NetworkSecurityPolicy

public class NetworkSecurityPolicy
extends Object

java.lang.Object
   ↳ android.security.NetworkSecurityPolicy


Network security policy.

Network stacks/components should honor this policy to make it possible to centrally control the relevant aspects of network security behavior.

The policy currently consists of a single flag: whether cleartext network traffic is permitted. See isCleartextTrafficPermitted().

Summary

Public methods

static NetworkSecurityPolicy getInstance()

Gets the policy for this process.

boolean isCleartextTrafficPermitted(String hostname)

Returns whether cleartext network traffic (e.g.

boolean isCleartextTrafficPermitted()

Returns whether cleartext network traffic (e.g.

Inherited methods

From class java.lang.Object

Public methods

getInstance

Added in API level 23
NetworkSecurityPolicy getInstance ()

Gets the policy for this process.

It's fine to cache this reference. Any changes to the policy will be immediately visible through the reference.

Returns
NetworkSecurityPolicy

isCleartextTrafficPermitted

Added in API level 24
boolean isCleartextTrafficPermitted (String hostname)

Returns whether cleartext network traffic (e.g.
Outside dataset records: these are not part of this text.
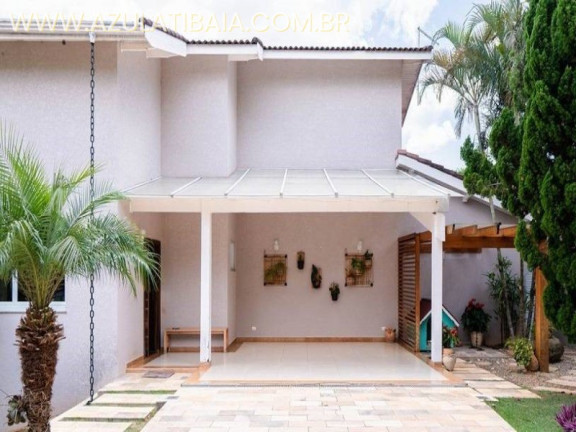 Imagem Casa com 5 Quartos à Venda, 1.318 m² em Condomínio Flamboyant - Atibaia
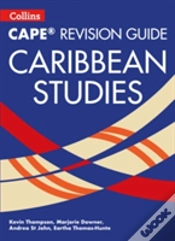 Capa do artigo Cape Caribbean Studies Revision Guide
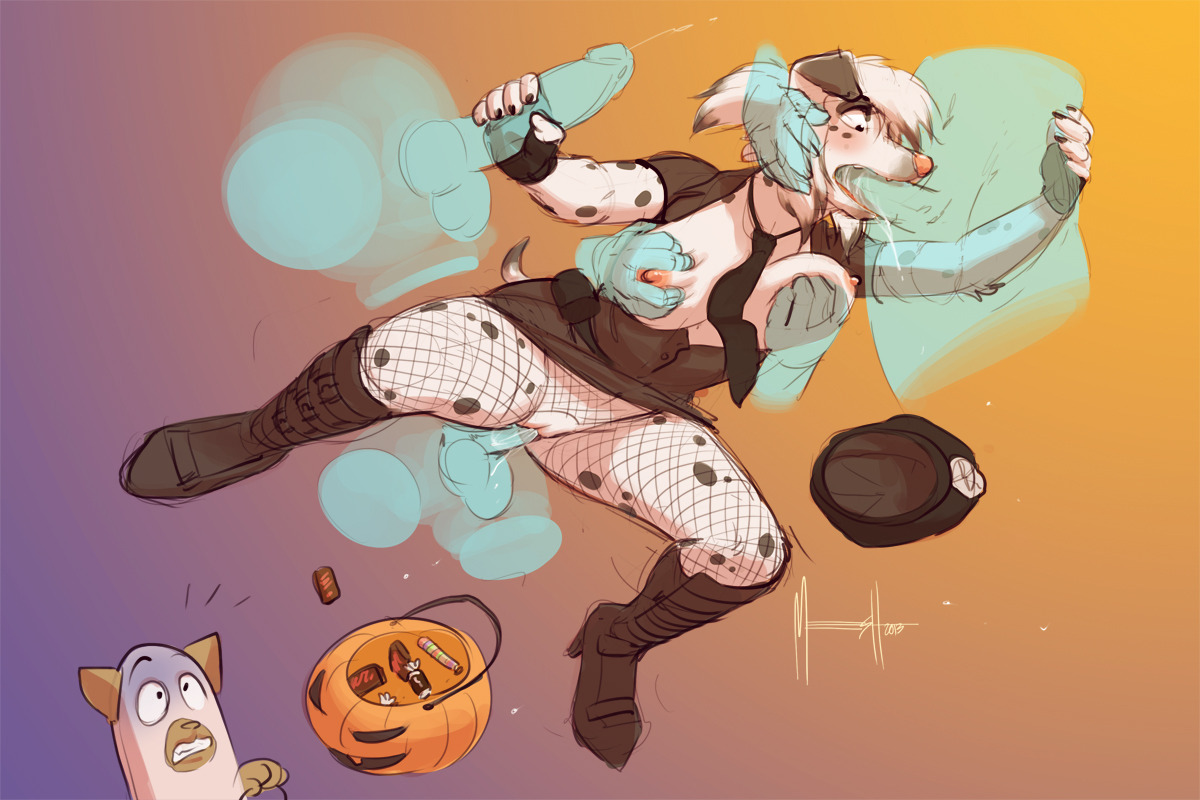 foxxytime:  yiffacid:  101 Furries For Fap Before You Die 9 of 101 Name: Kararesch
HTTP, FTP, XMPP, IMAP, SMTP -- without TLS or STARTTLS) is permitted for communicating with hostname for this process.

Parameters
hostname String
Returns
boolean

See also:

isCleartextTrafficPermitted

Added in API level 23
boolean isCleartextTrafficPermitted ()

Returns whether cleartext network traffic (e.g. HTTP, FTP, WebSockets, XMPP, IMAP, SMTP -- without TLS or STARTTLS) is permitted for all network communication from this process.

When cleartext network traffic is not permitted, the platform's components (e.g. HTTP and FTP stacks, DownloadManager, MediaPlayer) will refuse this process's requests to use cleartext traffic. Third-party libraries are strongly encouraged to honor this setting as well.

This flag is honored on a best effort basis because it's impossible to prevent all cleartext traffic from Android applications given the level of access provided to them. For example, there's no expectation that the Socket API will honor this flag because it cannot determine whether its traffic is in cleartext. However, most network traffic from applications is handled by higher-level network stacks/components which can honor this aspect of the policy.

NOTE: WebView does not honor this flag.